## [PROMPT]
Your answer must be an exact copy of the lines below, from the first through the one with "X0000051900749200507011507", with no pictures.

[Image-caption web data]

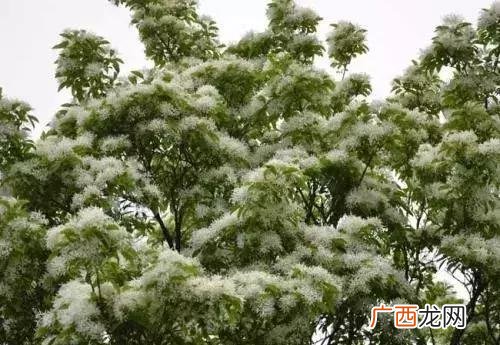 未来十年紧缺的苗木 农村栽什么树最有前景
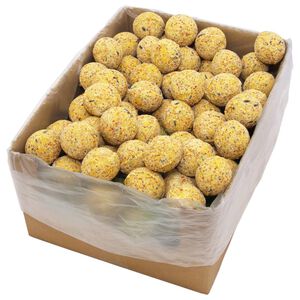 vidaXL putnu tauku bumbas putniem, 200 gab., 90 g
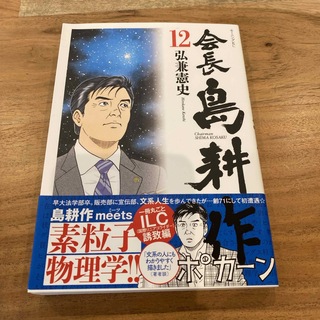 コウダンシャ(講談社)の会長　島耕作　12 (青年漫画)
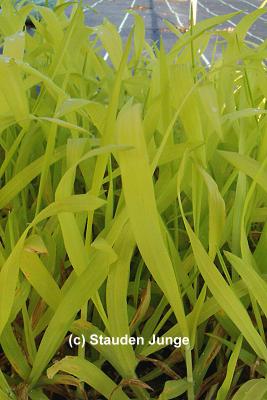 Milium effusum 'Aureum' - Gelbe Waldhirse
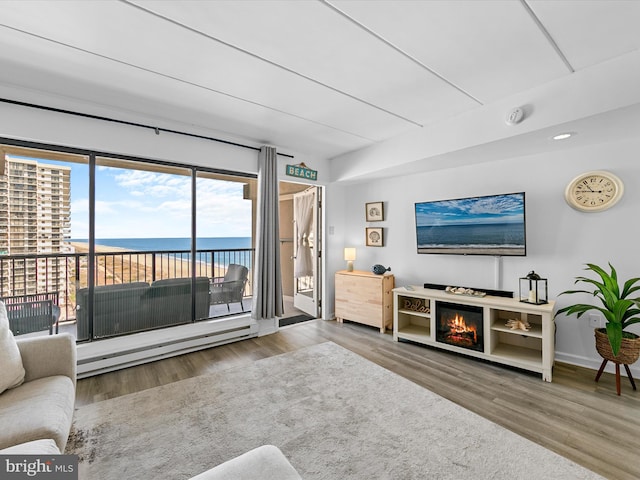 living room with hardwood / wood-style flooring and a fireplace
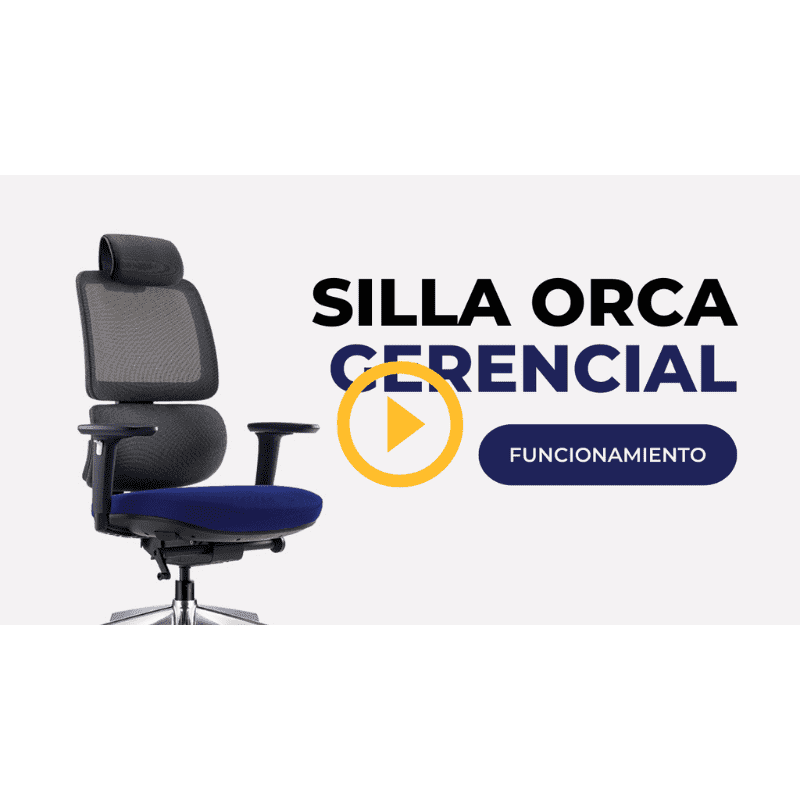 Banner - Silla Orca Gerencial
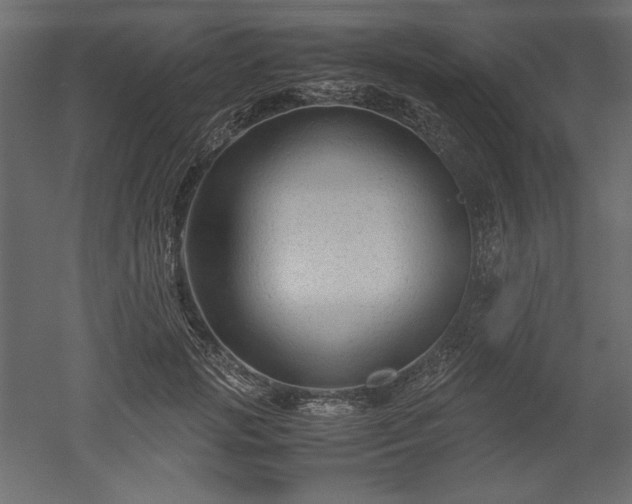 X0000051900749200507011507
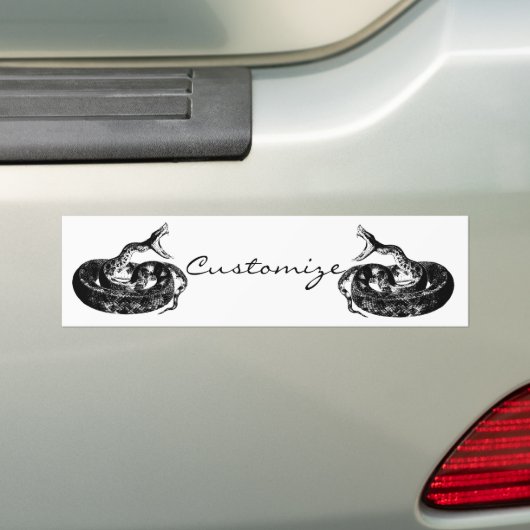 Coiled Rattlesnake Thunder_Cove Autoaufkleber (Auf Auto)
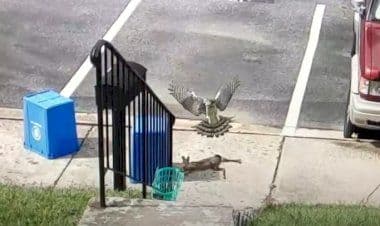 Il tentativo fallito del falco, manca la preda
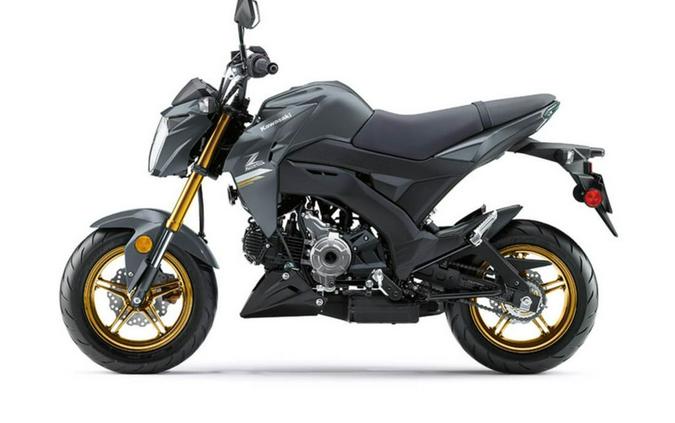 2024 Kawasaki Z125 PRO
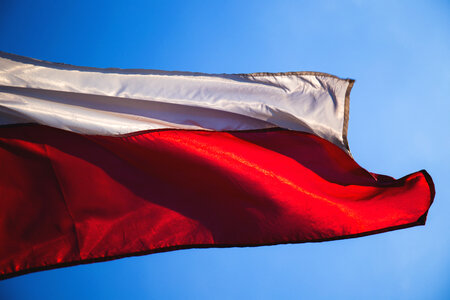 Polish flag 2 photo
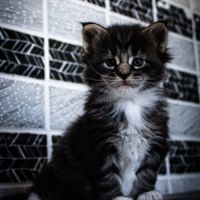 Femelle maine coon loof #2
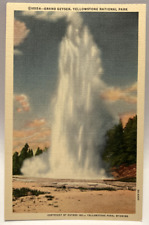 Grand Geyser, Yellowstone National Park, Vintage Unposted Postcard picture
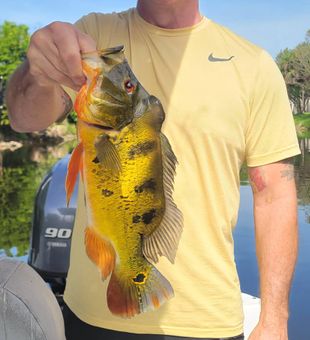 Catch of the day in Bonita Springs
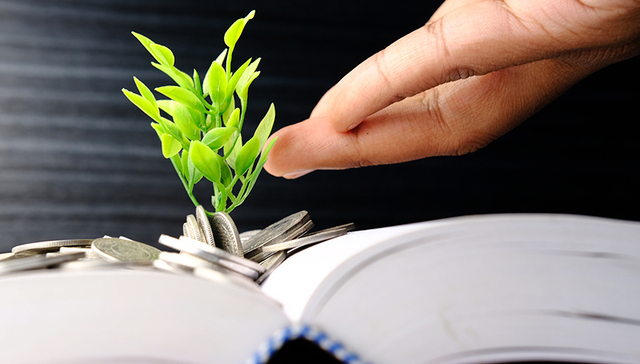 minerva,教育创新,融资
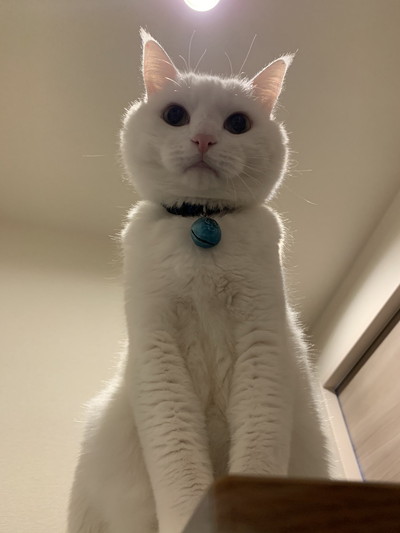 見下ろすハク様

## [FINAL ANSWER]
 未来十年紧缺的苗木 农村栽什么树最有前景
 vidaXL putnu tauku bumbas putniem, 200 gab., 90 g
 コウダンシャ(講談社)の会長　島耕作　12 (青年漫画)
 Milium effusum 'Aureum' - Gelbe Waldhirse
 living room with hardwood / wood-style flooring and a fireplace
 Banner - Silla Orca Gerencial
 X0000051900749200507011507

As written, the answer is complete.